Одновременно с разрушением «нормальной», эмпирической коммуникативной сферы возникает «вторичная коммуникация», интуиция, внутренний голос: «.. что-то ему говорило, что он с первого взгляда узнает дом, хотя никогда его не видал» (VI, 357). Эта вторичная коммуникация великолепно материализуется доской без надписи на искомом доме.
Отсутствие надписи есть маркирующий признак, и в нем снова сталкиваются две сферы — реальная и ирреальная. Сама по себе доска без надписи не есть что-либо необычайное, в особенности для дома, только что проданного новому хозяину. Но читатель (и слушатели) повести уже привыкли «остранять» предметы: суггестивность определилась как основной прием повествования.

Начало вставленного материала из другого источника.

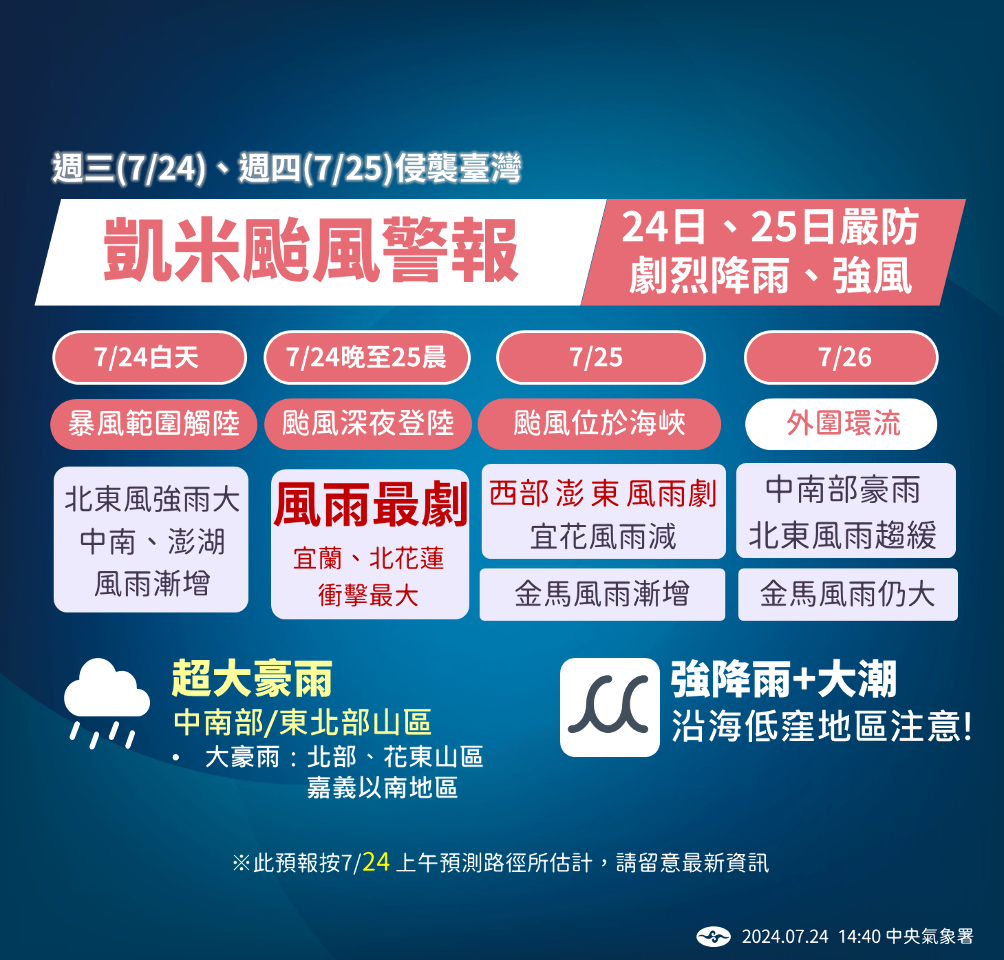 凱米再增強加快 核心風暴恐提前至傍晚狂襲宜花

Дом таинственного Штосса, внешне не отличающийся от остальных, — особый дом. Он не имеет номера, т. е. не занимает места в ряду прочих домов. Он наделен «атрибутом отсутствия», отрицательным признаком, как Петер Шлемиль, не имеющий тени, или герой повести
Гофмана, потерявший свое отражение. Тем самым он становится таинственным и жутким, — варьируется прием Verfremdung. Он принадлежит хозяину, не имеющему имени, т. е. реального существования, — как мы увидим далее, «Штосс» — имя иллюзорное, не настоящее, каламбурное.
Таким образом, место действия определяется как «таинственный дом». Лермонтов вводит своего читателя в русло определенной традиции, а именно традиции литературы тайн. Совершенно безразлично, сделано это сознательно или нет. Функционально «замок» классического романа ужасов равноценен уединенному «дому с привидениями». Гофмановский «Пустой дом» («Das ode Haus», 1817), например, построен в значительной мере на этом мотиве. Ближайший источник мотива здесь, по-видимому, неуловим, да он и несуществен. Важно установить его наличие.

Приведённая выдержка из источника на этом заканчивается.